Today’s insurance brokers and agents, however, really do have the chance to take advantage of the sales opportunity of a lifetime. Believe it or not, they have health care reform to thank for it.

It’s no secret that when it comes to health care coverage and costs, Americans’ heads are spinning. Employers, workers and even some benefits experts are dizzy from the merry-go-round of changes to the way benefits are purchased, delivered and paid for.

One thing that shows no sign of changing is the effort businesses are making to reduce employer-paid health care costs. For the past several years, budget-conscious companies have looked for ways to control their benefits-related spending, not only by eliminating some employer-paid coverage but also by shifting costs to workers in the form of increased co-payments and deductibles.

While businesses look for ways to trim costs, workers are searching for ways to guard against the fiscal implosion that often accompanies serious injury or illness. An increasing number of companies are soothing employees’ fears by adding voluntary insurance to their benefits options, opening the door for benefits experts to reach out and grab the brass ring.

Smart brokers and agents are using the calm before the reform-implementation storm to generate buzz — and business. They’re rightly telling companies that now’s the time to add voluntary policies to employees’ benefits options. By doing so, they’ll help ease the fears of workers unsettled by health care reform and, at the same time, position themselves to retain high performers and lure top-tier new ones.

Workforce attrition should be high on business leaders’ minds right now because human resources professionals predict significant upswings in turnover as the recession winds down and companies begin hiring again. What’s more, PwC Sarasota research and analysis shows it’s not just rank-and-file employees who are eyeing the exits. In 2010, 4.4 percent of high performers left their jobs, an increase of nearly 19 percent over 2009, and that trend is expected to continue.

According to the 2013 Aflac WorkForces Report, strong benefits plans give companies the ammunition needed to keep workers from straying. When asked what their employers could do to convince them to remain in their jobs, 49 percent of workers who participated in the Aflac study said, “Improve my benefits package.”
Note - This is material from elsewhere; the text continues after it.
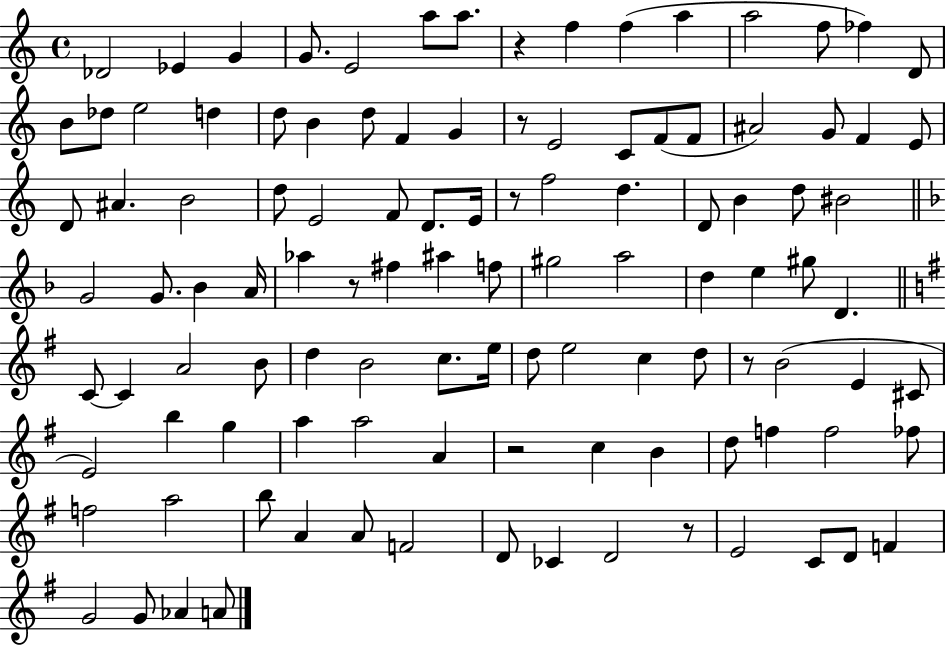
Db4/h Eb4/q G4/q G4/e. E4/h A5/e A5/e. R/q F5/q F5/q A5/q A5/h F5/e FES5/q D4/e B4/e Db5/e E5/h D5/q D5/e B4/q D5/e F4/q G4/q R/e E4/h C4/e F4/e F4/e A#4/h G4/e F4/q E4/e D4/e A#4/q. B4/h D5/e E4/h F4/e D4/e. E4/s R/e F5/h D5/q. D4/e B4/q D5/e BIS4/h G4/h G4/e. Bb4/q A4/s Ab5/q R/e F#5/q A#5/q F5/e G#5/h A5/h D5/q E5/q G#5/e D4/q. C4/e C4/q A4/h B4/e D5/q B4/h C5/e. E5/s D5/e E5/h C5/q D5/e R/e B4/h E4/q C#4/e E4/h B5/q G5/q A5/q A5/h A4/q R/h C5/q B4/q D5/e F5/q F5/h FES5/e F5/h A5/h B5/e A4/q A4/e F4/h D4/e CES4/q D4/h R/e E4/h C4/e D4/e F4/q G4/h G4/e Ab4/q A4/e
Voluntary insurance appeals to workers because it allows them to select coverage that meets their families’ needs in amounts that fit most budgets. According to the Aflac study, some employers don’t make voluntary options available because they don’t think workers are interested, yet 60 percent of employees said they’d be interested in purchasing coverage if given the opportunity.
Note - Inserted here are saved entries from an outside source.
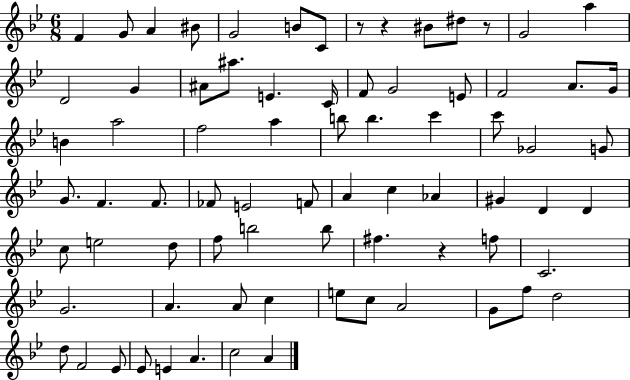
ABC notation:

X:1
T:Untitled
M:6/8
L:1/4
K:Bb
F G/2 A ^B/2 G2 B/2 C/2 z/2 z ^B/2 ^d/2 z/2 G2 a D2 G ^A/2 ^a/2 E C/4 F/2 G2 E/2 F2 A/2 G/4 B a2 f2 a b/2 b c' c'/2 _G2 G/2 G/2 F F/2 _F/2 E2 F/2 A c _A ^G D D c/2 e2 d/2 f/2 b2 b/2 ^f z f/2 C2 G2 A A/2 c e/2 c/2 A2 G/2 f/2 d2 d/2 F2 _E/2 _E/2 E A c2 A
Introducing voluntary benefits

So, once a company has made the decision to add voluntary benefits to its roster of health insurance choices, where does it start?
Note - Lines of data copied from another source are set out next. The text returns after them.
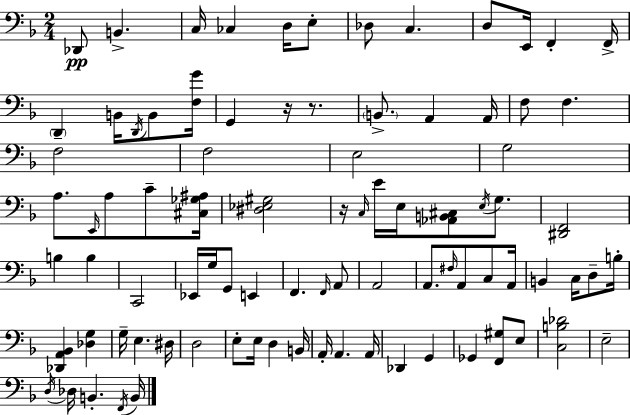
X:1
T:Untitled
M:2/4
L:1/4
K:Dm
_D,,/2 B,, C,/4 _C, D,/4 E,/2 _D,/2 C, D,/2 E,,/4 F,, F,,/4 D,, B,,/4 D,,/4 B,,/2 [F,G]/4 G,, z/4 z/2 B,,/2 A,, A,,/4 F,/2 F, F,2 F,2 E,2 G,2 A,/2 E,,/4 A,/2 C/2 [^C,_G,^A,]/4 [^D,_E,^G,]2 z/4 C,/4 E/4 E,/4 [_A,,B,,^C,]/2 E,/4 G,/2 [^D,,F,,]2 B, B, C,,2 _E,,/4 G,/4 G,,/2 E,, F,, F,,/4 A,,/2 A,,2 A,,/2 ^F,/4 A,,/2 C,/2 A,,/4 B,, C,/4 D,/2 B,/4 [_D,,A,,_B,,] [_D,G,] G,/4 E, ^D,/4 D,2 E,/2 E,/4 D, B,,/4 A,,/4 A,, A,,/4 _D,, G,, _G,, [F,,^G,]/2 E,/2 [C,B,_D]2 E,2 D,/4 _D,/4 B,, F,,/4 B,,/4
One way is by surveying employees to identify the most-desired voluntary options and offering the plans with the most interest. Overwhelming employees with too many choices at once can be just as ineffective as not providing enough options to select from. Most employers will find workers are most interested in these types of voluntary coverage:

  • Disability insurance, which protects a worker’s most valuable asset — the ability to earn a living. Disability benefits pay a portion of an employee’s income while he or she is disabled and unable to work.
  • Life insurance, which is a high-demand benefit, especially in shaky financial times. It’s most appealing to workers who want to protect their families’ lifestyles if the worst should happen. Benefits can be used to pay for immediate needs, such as funeral expenses, medical costs and current bills and debts. They can also be used to pay for future needs, including ongoing financial obligations, education costs and retirement expenses.
  • Dental coverage, which is a high-value proposition for several reasons: It’s often inexpensive, oral health is closely tied to overall health, and many companies are discontinuing employer-paid dental coverage. Supplemental dental plans can help pay for procedures such as cleanings, checkups, fillings, X-rays, sealants, emergency care and more.
  • Accident insurance, which allows workers to stay ahead of the out-of-pocket expenses that add up quickly after an unexpected health event. Benefits can be used to help pay for emergency treatment, hospital stays and medical exams, as well as for treatment-related transportation and lodging.
  • Critical care and recovery insurance, which helps pay for treatment related to serious, life-altering events, such as heart attacks, strokes, kidney failure or third-degree burns.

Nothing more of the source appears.